Are you seriously thinking about starting a blog?

Here are 27 pitfalls to avoid on your blogging journey. I have encountered all of them since I published my first post in February 2014.

#bloggingtips #blogging #bloggers
  1. Blogging can become addictive and take over your life.
  2. You’ll probably lose touch with some friends because you won’t have the time to keep in touch with them anymore.
  3. Readers don’t find your blog; you have to find them.
  4. Just because somebody ‘liked’ your blog post, does not mean they read it.
  5. Just because somebody left a comment on your blog post, does not mean they read it.
  6. Blogging can seriously stress you out and make you feel guilty (if you allow it).
  7. You’ve more chance of winning the lottery jackpot, than one of your blog posts going viral.
  8. Over 81% of bloggers who want to make some money out of blogging, will never earn more than £100.
  9. Not everyone will agree with what you have to say.
  10. Not everyone will enjoy reading what you’ve published.
  11. Eight out of ten new bloggers will give up blogging within the first year.
  12. Nine out of ten new bloggers will give up blogging within the first two years.
  13. Only 20% of your followers will probably ever read and comment on some of your blog posts.
  14. Blogging can get daunting and tedious when traffic to your blog fails to materialise.
  15. Your blog stats will often plummet, for no apparent reason, making you feel disillusioned about blogging.
  16. You’ll be proved wrong that the post subject you thought nobody had written about before, has been written about many times.
  17. You’ll suffer from blog envy.
  18. You’ll ask yourself many times “is anybody reading my posts?”
  19. You’re a small ‘blogging’ fish in a vast ‘blogging’ ocean.
  20. You will publish at least one post that you wish you had never written and published.
  21. You’ll probably be visited by, and may become the victim of, an internet troll.
  22. Blogging success can takes years to achieve.
  23. Blogging can be a lonely existence, especially during the first few months when nobody likes or comments on any of your blog posts.
  24. Blogging isn’t only about writing.

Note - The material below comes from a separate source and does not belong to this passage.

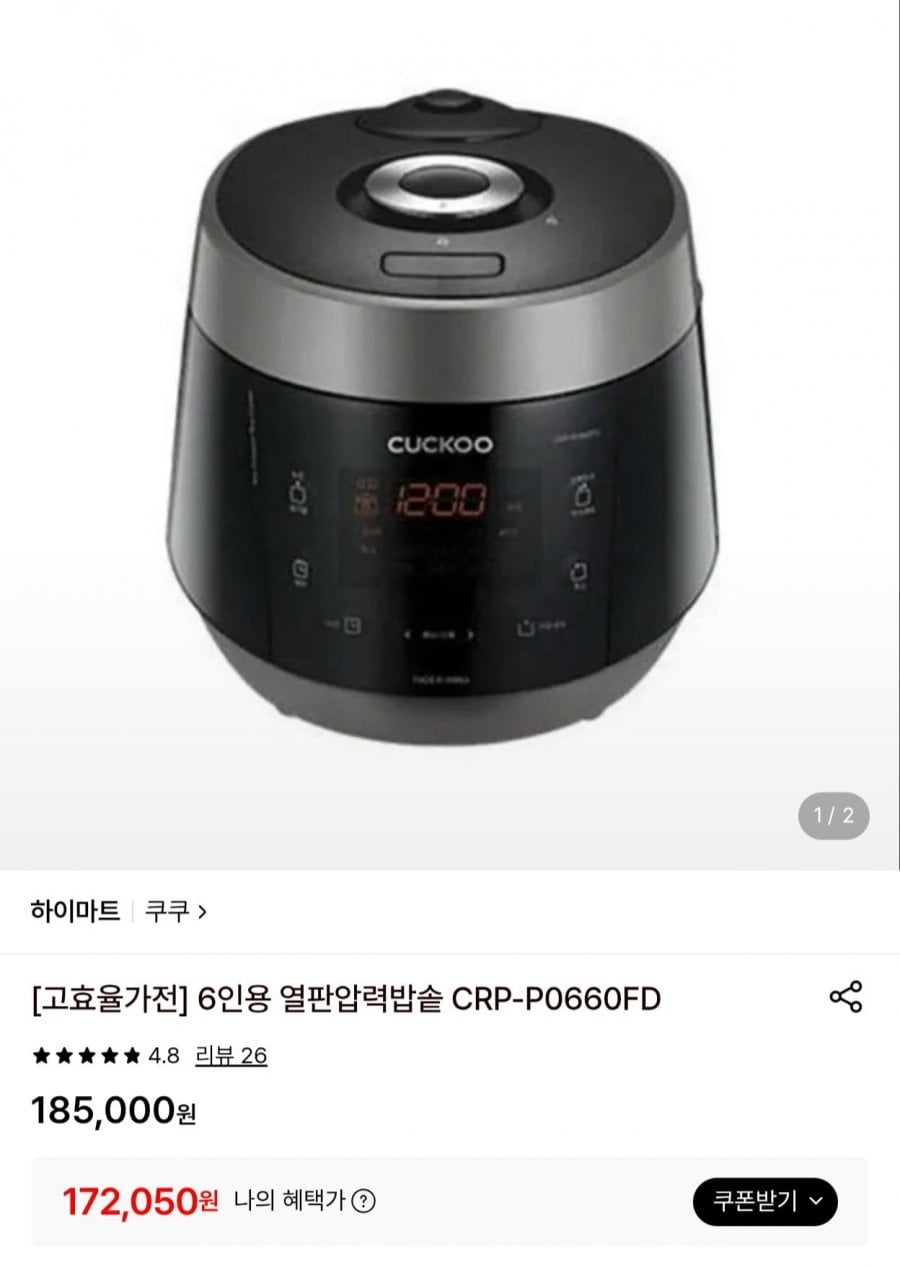 쿠쿠 6인용 열판압력밥솥 CRP-P0660FD (172,050원/무료)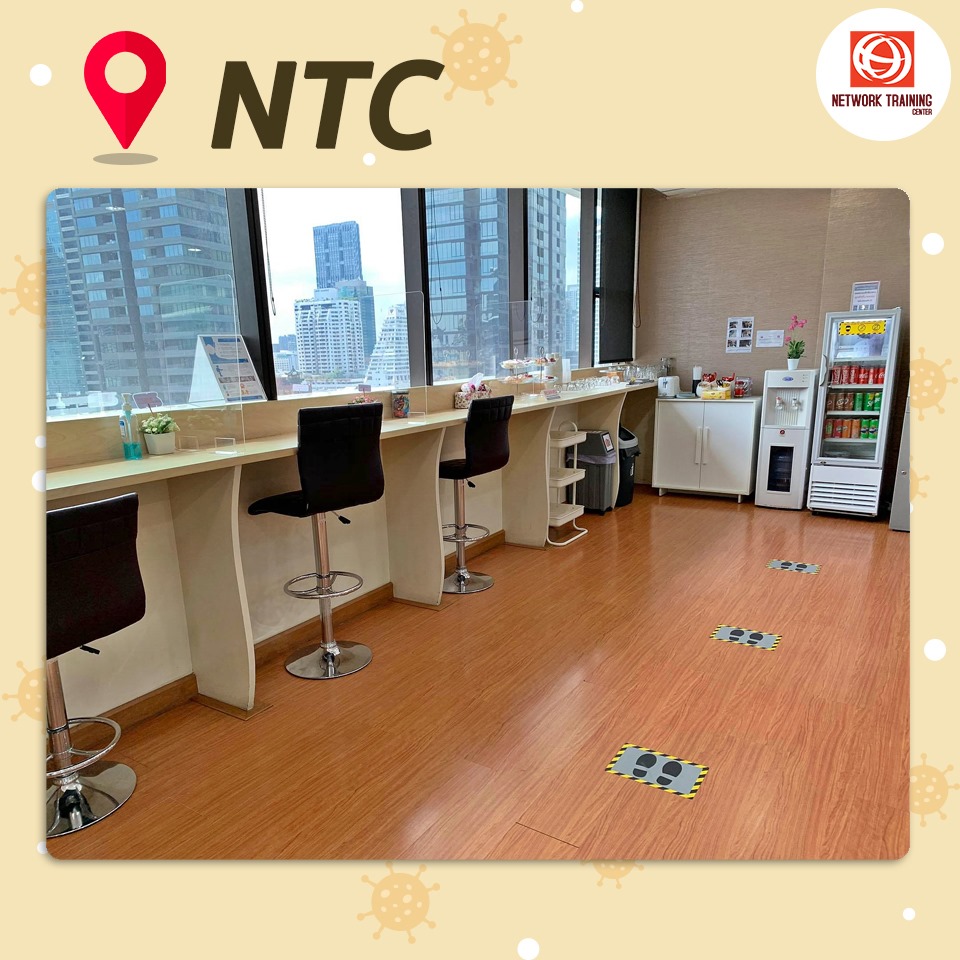 ประกาศ "ป้องกันการแพร่ระบาดของเชื้อโรค COVID-19"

You also have to become an expert in some other fields such as marketing, social media, information technology and law.
  25. If you start a blog, it will be one of over 440 million (and rising) other blogs available to readers.
  26. People, you get to know through blogging, will suddenly disappear without any reason.
  27. If you don’t consider yourself thickskinned, then you’re probably going to get upset by some comments left on your blog.

Are you still thinking about starting a blog, or to continue with blogging?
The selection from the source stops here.